L’origine de la baisse des opérations immobilières observée en 2012-2013 est complexe. Bien que la durée moyenne des prêts et les taux d’effort observés aient eu tendance à diminuer entre 2012 et 2013, l’importante baisse des taux d’intérêt hypothécaires et l’assouplissement des conditions d’apport sont autant de signes laissant penser que l’érosion des transactions observée sur le marché immobilier neuf trouve en partie son explication ailleurs que dans le durcissement des conditions d’octroi de crédit (Banque de France, 2014).

Tandis qu’en 2013 le financement du logement social se maintenait à des niveaux élevés (117 000 logements financés en 2013[1]) (DGUHC, 2014), les primo-accédants et les investisseurs-bailleurs se faisaient quant à eux plus rares sur le marché immobilier en général. En 2013, les premiers n’ont ainsi représenté que 12% des crédits à l’habitat octroyés contre 19% en 2012. De même, les opérations d’investissement locatif (dans le neuf comme dans l’ancien) ont représenté moins de 20% de la distribution de crédits immobiliers contre plus de 30% au début de l’année 2012 (Banque de France, 2014).

Sur le marché du neuf, les ménages semblent avoir souffert d’une part des restrictions opérées dans la distribution des prêts à taux zéro (PTZ) et d’autre part de la modification de la législation en faveur de l’investissement locatif.

Pour mémoire, le 1er janvier 2013 est entrée en vigueur une nouvelle version du prêt à taux zéro (PTZ). Cette dernière, plus restrictive que les précédentes, abaissait notamment les plafonds d’éligibilité (Madec, 2013). Résultat, en 2013, seuls 42 327 PTZ ont été accordés dans le neuf contre 51 732 en 2012 et près de 93 000 en 2011.

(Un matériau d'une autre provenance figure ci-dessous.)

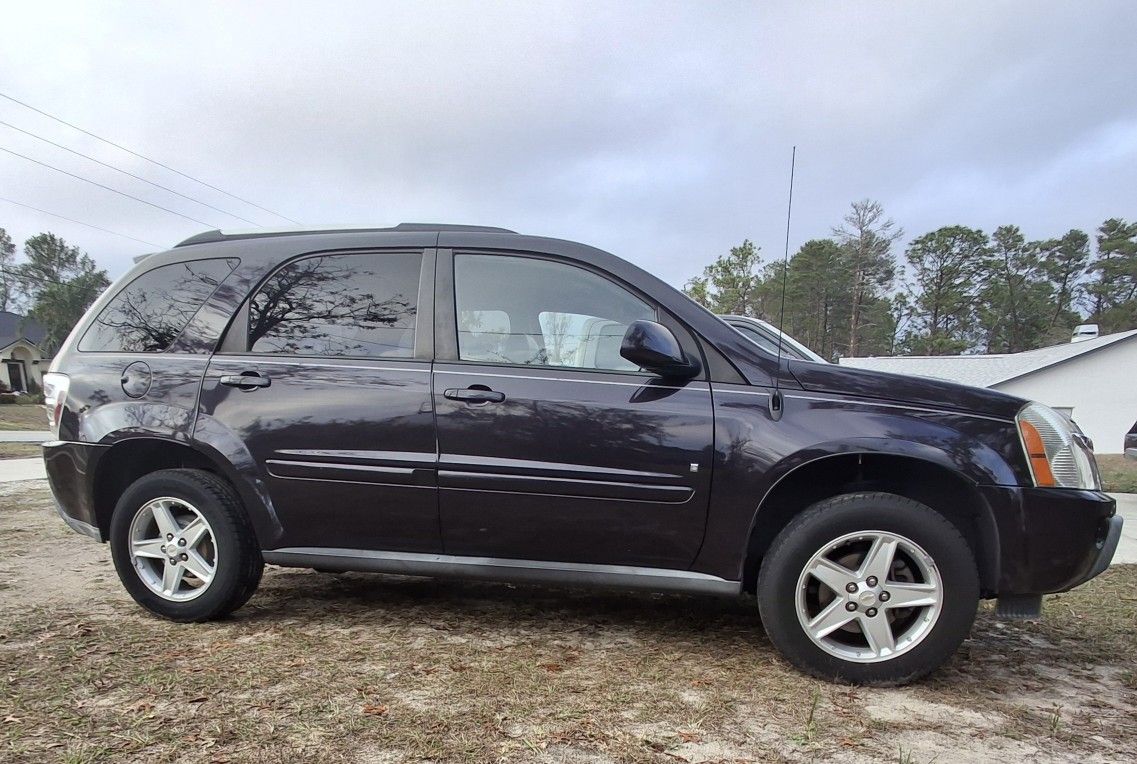 2006 Chevrolet Equinox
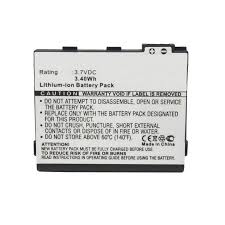 Battery for Dell Aero by Maxbhi.com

Dans le même temps, le dispositif d’incitation à l’investissement locatif « Duflot », bien qu’à priori plus avantageux pour les investisseurs (Le Bayon, Madec, Rifflart 2013), n’a pas rencontré le succès de ses prédécesseurs ; les bailleurs ayant semble-t-il été « effrayés » par l’introduction de plafonds de loyers. En 2013, les promoteurs immobiliers, qui représentent historiquement environ 30% des ventes dans le neuf mais la grande majorité des investissements locatifs (plus de 80%), déclaraient avoir écoulé 35 300 « Duflot », soit 40% du total des ventes réalisées. C’est la part la plus faible observée depuis 2001. Si le dispositif précédent, le « Scellier », n’avait pas rencontré un grand succès en 2012 (37 900 logements vendus sous ce statut) rappelons qu’en 2011 près de 60 000 « Scellier » avaient abondé le marché du neuf.

La baisse importante du nombre de primo-accédants et d’investisseurs-bailleurs engendrée par la refonte simultanée de ces deux dispositifs de soutien au marché immobilier neuf semble être l’une des explications de l’écroulement du marché immobilier neuf observé ces derniers mois.

Les mesures prises par le gouvernement, conscient à la fois du problème mais aussi, semble-t-il, de ses causes, suffiront-elles à doper la production ?

Un « Duflot » plus souple est-il une bonne chose ?

A la fin du mois d’août dernier, l’annonce par le Premier ministre de l’entrée en vigueur au 1er septembre du dispositif d’incitation à l’investissement locatif « Pinel », et donc par conséquent la mort de son prédécesseur, le « Duflot », a été (très) favorablement accueillie par les professionnels du secteur immobilier. En effet, et ce bien que le « Pinel » ne diffère du « Duflot » qu’à la marge (plafonds de loyers, de ressources, d’investissement et de défiscalisation inchangés), son arrivée a, semble-t-il, comblé les promoteurs immobiliers et les investisseurs et ce, alors même que les rendements attendus ne devraient pas être supérieurs à ceux de son prédécesseur (voir Le Bayon, Madec, Rifflart, 2013).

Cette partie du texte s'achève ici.